El espíritu de Campoamor y Besteiro
Quizá hoy día los espíritus de nuestros mayores se pasean entre los escaños; quizá Clara Campoamor y Besteiro, cogidos del bracete, se dan una vuelta por el hemiciclo, comentando nuestra lamentable actualidad; quizá el íntegro Argüelles, tutor de una Reina, que dejó al morir algo menos de 600 reales, la mitad para comprar alpiste a sus canarios, se sorprenda del coste de algunas chistorras, a 500 euros el ejemplar; quizá Emilio Castelar, al oír discursos contra Israel recuerde su célebre respuesta al canónigo Manterola, que execraba a los judíos (actualizo la ortografía):
«¿Cree el Sr. Manterola en el dogma terrible de que los hijos son responsables de las culpas de sus padres? ¿Cree el Sr. Manterola que los judíos de hoy son los que mataron a Cristo? Pues yo no lo creo; yo soy más cristiano que todo eso, yo creo en la justicia y en la misericordia divina. Grande es Dios en el Sinaí; el trueno le precede, el rayo le acompaña, la luz le envuelve, la tierra tiembla, los montes se desgajan; pero hay un Dios más grande, más grande todavía, que no es el majestuoso Dios del Sinaí, sino el humilde Dios del Calvario, clavado en una cruz, herido, yerto, coronado de espinas, con la hiel en los labios, y sin embargo, diciendo: ‘¡Padre mío, perdónalos, perdona a mis verdugos, perdona a mis perseguidores, porque no saben lo que se hacen!’. Grande es la religión del poder, pero es más grande la religión del amor; grande es la religión de la justicia implacable, pero es más grande la religión del perdón misericordioso; y yo, en nombre del Evangelio, vengo aquí, a pediros que escribáis en vuestro Código fundamental la libertad religiosa, es decir, libertad, fraternidad, igualdad entre todos los hombres […]».

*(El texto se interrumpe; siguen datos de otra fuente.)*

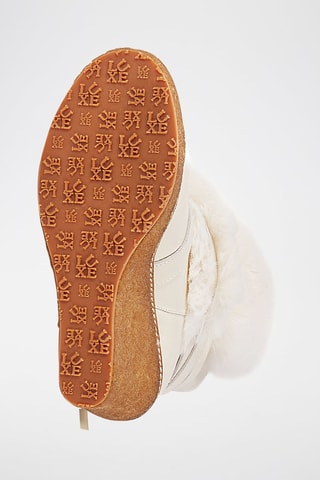 Botas de piel ovina de cuña - Blanco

España y los españoles se merecen algo mejor y algo más. No estamos solos, porque el ejemplo de nuestros mayores nos recuerda que hay quien ofreció su talento, su tiempo, su vida y su libertad para que la Prensa pudiera publicar lo que desagrada al poder, para que los jueces fueran independientes, para que los gobiernos fueran justos y benéficos, para que los españoles pudieran elegir a sus representantes. Conviene recordarlo en este 175 aniversario de nuestro Palacio del Congreso.